New pistons or old ?? carbon can build up in the grooves preventing complete ring compression. As already said double check end gap, you shouldn't have to really pound them in, firm tapping should do it.


----------



## geeteeohguy (Feb 2, 2008)

And make sure you have rubber booties on the rod bolts.....you DO NOT want to gouge your crank journals....


----------



## JustAl (Mar 20, 2010)

+1 to what geetee said, protect the crank journals. I found out the hard way many years ago what happens if you don't.


----------



## Topkat (Sep 9, 2010)

They are 20 over and new.
Got them all in and torqued down
Been a while!
Whats that slight depression on the tops of the bores?
seems odd.
thanks for all the help


----------



## Rukee (Feb 8, 2007)

It helps with the flame path.
I`ve seen shards of aluminum from manufacturing stuck in the ring groves as well which will make the new rings hang up when installing.
If you have any pistons that did not get oiled on the way in, I'd pull them back out and oil them. I use a can just big enough to fit the piston in and then dip the whole top of the piston to past the wrist pin.


----------



## BearGFR (Aug 25, 2008)

Topkat said:


> Whats that slight depression on the tops of the bores?

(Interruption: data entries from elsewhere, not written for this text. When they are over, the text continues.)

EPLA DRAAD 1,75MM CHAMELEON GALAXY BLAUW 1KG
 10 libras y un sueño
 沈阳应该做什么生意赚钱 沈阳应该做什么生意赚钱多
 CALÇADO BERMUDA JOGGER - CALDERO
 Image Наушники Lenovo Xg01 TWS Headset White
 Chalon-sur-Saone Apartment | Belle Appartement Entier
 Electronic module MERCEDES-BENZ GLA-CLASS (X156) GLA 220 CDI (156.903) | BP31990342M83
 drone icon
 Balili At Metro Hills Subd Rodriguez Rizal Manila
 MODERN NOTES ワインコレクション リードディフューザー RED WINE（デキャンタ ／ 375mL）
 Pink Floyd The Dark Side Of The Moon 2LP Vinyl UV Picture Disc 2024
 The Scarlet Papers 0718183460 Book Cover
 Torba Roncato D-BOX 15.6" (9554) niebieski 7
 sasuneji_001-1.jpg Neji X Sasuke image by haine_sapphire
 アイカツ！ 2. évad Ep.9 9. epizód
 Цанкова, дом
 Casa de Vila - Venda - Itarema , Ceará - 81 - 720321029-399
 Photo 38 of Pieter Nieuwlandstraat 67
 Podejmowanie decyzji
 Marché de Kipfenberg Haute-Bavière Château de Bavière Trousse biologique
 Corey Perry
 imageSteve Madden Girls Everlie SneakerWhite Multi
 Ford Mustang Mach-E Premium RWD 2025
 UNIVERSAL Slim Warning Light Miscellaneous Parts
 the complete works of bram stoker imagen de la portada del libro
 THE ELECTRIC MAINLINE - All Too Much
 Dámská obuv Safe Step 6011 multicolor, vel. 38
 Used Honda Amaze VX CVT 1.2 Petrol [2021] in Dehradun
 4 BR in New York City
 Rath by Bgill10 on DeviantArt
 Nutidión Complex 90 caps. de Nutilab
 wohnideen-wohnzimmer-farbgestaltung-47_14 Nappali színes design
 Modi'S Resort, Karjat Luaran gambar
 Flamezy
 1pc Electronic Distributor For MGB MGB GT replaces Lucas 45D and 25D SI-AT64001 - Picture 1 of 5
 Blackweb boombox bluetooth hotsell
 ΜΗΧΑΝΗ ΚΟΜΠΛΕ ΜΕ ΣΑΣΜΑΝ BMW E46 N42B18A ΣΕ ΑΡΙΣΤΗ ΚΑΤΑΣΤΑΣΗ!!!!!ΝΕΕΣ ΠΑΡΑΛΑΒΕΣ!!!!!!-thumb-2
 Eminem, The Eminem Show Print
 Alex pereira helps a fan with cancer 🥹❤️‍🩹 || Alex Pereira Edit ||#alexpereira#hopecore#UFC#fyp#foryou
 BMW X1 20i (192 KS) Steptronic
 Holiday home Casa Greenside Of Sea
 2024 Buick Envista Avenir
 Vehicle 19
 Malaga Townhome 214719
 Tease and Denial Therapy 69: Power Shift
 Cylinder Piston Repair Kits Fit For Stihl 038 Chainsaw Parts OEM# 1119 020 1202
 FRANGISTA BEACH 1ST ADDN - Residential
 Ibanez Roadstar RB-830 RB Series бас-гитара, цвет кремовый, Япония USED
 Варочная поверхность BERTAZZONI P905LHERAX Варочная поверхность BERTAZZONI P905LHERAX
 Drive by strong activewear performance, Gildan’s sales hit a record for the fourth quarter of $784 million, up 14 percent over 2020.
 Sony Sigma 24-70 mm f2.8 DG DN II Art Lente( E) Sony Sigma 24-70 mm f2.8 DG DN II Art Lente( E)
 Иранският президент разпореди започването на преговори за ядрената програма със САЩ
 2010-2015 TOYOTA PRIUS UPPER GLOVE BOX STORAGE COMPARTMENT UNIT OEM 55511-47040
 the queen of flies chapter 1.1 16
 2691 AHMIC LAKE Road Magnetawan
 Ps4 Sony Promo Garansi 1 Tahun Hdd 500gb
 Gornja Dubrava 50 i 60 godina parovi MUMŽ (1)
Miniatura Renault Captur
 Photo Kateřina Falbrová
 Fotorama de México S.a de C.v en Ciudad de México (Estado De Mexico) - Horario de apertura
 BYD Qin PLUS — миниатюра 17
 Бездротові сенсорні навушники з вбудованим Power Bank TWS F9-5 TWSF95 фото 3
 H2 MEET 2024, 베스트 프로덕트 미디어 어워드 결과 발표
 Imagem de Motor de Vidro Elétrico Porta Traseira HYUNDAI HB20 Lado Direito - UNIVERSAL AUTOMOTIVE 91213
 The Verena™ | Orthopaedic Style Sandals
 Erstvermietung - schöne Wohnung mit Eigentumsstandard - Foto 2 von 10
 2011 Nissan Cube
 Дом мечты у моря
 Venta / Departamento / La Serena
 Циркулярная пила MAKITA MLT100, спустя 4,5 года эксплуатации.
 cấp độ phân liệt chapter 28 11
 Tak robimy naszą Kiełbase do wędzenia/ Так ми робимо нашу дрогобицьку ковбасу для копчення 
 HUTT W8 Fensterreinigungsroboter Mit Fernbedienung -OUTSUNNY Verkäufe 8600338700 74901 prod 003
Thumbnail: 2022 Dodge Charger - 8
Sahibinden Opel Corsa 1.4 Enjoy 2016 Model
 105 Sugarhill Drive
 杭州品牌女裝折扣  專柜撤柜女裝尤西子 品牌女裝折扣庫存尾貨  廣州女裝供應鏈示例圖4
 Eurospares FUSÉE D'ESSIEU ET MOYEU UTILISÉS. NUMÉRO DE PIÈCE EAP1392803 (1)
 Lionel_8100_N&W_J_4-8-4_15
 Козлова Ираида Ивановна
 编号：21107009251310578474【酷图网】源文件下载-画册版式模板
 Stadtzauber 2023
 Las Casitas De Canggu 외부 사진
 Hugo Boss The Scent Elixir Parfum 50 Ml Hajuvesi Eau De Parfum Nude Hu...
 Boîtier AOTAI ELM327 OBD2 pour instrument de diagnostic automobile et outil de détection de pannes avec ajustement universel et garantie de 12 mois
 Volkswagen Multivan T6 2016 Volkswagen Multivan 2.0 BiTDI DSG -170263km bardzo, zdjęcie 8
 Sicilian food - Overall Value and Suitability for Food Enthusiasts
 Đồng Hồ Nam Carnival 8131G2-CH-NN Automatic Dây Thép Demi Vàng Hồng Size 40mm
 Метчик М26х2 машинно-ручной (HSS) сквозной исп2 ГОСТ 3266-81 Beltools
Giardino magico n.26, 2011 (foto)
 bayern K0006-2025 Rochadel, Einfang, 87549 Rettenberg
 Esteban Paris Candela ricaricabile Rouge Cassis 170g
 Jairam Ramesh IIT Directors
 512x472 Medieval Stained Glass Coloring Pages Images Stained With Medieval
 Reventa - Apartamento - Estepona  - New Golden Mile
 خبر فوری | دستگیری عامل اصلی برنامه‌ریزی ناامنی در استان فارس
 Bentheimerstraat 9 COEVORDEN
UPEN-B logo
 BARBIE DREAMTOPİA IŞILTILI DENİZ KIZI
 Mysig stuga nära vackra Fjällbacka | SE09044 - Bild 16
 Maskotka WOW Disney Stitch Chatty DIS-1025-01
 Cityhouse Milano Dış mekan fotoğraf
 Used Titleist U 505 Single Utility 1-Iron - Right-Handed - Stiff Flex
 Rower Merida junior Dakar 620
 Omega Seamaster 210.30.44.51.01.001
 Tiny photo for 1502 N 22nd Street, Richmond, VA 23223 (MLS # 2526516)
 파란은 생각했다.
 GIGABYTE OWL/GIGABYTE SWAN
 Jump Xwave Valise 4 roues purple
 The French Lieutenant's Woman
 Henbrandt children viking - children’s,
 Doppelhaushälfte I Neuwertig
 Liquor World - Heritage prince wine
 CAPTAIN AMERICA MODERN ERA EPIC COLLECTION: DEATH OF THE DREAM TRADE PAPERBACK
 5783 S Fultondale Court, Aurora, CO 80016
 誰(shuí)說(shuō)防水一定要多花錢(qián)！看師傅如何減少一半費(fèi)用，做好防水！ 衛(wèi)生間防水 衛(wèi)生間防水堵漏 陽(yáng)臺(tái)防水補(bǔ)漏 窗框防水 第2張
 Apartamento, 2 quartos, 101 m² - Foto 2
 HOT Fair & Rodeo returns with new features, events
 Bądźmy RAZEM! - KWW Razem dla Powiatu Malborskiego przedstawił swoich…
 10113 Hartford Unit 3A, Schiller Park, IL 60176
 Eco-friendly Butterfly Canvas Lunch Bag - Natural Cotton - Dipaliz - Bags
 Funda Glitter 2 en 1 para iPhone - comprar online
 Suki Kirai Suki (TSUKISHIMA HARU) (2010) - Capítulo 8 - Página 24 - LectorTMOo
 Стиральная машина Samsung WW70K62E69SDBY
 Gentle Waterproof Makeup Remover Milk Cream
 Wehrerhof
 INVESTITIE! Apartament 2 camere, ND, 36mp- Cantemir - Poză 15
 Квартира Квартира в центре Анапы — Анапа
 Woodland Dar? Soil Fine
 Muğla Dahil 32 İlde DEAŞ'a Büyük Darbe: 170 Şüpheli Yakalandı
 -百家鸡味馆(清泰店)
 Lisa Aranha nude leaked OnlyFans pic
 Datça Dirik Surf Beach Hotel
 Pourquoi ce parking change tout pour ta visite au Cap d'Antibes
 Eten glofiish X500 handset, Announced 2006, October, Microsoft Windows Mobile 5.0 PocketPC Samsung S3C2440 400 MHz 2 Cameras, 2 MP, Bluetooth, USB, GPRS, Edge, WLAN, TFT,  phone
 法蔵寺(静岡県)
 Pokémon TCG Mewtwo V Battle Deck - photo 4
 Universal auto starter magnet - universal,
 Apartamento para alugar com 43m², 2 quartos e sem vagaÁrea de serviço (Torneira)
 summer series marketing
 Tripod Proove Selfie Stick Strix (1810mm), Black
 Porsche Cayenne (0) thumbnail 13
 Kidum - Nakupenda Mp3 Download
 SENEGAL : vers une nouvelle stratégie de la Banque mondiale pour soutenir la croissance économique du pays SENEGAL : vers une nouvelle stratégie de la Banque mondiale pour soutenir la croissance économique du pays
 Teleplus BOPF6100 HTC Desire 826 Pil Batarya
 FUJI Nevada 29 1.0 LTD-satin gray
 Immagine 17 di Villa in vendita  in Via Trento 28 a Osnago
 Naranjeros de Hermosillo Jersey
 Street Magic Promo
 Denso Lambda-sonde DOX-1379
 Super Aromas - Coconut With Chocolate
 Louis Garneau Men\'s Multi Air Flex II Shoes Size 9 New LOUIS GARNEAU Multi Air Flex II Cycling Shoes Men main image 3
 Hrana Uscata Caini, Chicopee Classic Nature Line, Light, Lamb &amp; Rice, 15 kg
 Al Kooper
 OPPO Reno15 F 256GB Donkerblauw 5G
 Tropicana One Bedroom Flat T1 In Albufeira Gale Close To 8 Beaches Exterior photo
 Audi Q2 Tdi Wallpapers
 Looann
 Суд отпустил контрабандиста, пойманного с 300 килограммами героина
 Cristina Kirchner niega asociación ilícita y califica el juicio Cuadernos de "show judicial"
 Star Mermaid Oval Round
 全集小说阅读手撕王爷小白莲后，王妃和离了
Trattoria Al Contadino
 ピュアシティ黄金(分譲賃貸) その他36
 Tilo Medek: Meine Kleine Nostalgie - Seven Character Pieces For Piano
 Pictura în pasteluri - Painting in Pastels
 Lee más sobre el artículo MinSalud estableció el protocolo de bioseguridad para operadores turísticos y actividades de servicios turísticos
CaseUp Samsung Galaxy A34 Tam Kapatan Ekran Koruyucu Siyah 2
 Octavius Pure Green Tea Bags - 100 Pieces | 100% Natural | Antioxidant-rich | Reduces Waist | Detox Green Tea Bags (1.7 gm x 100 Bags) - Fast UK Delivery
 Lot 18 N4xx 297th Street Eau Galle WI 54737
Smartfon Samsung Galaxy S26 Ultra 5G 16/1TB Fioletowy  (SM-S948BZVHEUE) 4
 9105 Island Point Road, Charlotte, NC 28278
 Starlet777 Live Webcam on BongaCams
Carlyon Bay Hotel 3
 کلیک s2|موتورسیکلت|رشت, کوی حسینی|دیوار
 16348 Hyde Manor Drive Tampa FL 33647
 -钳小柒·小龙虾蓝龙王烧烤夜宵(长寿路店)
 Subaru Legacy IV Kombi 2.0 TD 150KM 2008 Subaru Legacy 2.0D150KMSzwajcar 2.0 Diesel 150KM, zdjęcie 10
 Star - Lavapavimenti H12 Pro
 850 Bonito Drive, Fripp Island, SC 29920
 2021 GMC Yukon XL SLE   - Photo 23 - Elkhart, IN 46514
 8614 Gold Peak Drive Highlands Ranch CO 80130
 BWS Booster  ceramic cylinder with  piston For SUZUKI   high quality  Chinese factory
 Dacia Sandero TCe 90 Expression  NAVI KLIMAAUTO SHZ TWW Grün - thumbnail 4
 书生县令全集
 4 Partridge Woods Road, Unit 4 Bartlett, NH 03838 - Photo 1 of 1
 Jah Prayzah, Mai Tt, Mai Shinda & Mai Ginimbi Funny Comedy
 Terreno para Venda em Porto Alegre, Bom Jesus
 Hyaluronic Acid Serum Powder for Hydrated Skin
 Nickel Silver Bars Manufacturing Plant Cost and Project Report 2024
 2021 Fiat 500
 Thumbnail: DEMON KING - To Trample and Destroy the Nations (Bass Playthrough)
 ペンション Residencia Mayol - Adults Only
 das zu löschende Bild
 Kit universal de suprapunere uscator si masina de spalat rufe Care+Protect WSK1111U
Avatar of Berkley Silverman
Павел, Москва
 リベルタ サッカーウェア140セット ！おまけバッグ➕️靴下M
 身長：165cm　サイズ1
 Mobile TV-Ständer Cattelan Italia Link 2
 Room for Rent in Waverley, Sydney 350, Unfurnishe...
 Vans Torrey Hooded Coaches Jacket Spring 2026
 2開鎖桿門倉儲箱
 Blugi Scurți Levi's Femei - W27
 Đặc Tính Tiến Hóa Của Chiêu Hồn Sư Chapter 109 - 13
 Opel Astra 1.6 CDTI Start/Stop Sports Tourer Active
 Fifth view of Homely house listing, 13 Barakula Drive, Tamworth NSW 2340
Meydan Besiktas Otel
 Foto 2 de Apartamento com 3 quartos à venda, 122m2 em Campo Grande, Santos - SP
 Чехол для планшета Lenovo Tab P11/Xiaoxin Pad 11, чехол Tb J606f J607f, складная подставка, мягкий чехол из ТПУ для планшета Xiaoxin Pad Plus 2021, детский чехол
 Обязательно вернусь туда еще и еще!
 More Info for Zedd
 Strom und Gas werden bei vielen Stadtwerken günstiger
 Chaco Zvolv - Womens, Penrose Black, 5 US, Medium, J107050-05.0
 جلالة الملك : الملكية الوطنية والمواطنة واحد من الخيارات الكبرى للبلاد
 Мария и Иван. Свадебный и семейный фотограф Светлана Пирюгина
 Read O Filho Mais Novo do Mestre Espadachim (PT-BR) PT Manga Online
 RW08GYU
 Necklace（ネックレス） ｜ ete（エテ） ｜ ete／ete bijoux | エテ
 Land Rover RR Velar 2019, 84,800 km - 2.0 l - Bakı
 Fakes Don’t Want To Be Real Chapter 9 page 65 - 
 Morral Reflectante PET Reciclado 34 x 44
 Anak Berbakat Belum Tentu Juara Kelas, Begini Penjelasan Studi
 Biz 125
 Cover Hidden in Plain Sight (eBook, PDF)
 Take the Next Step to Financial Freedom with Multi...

If you're talking about those slight chamfers in the block near the top of the bore, at about the 11 o'clock and 2 o'clock positions, those provide some additional clearance for the valves to help "un-shroud" them for improved flow. If you sit a head on top of the block and then look up from underneath through the cylinder bore you'll see that the outside edges of the valves are -very- close to the cylinder walls.

Bear


----------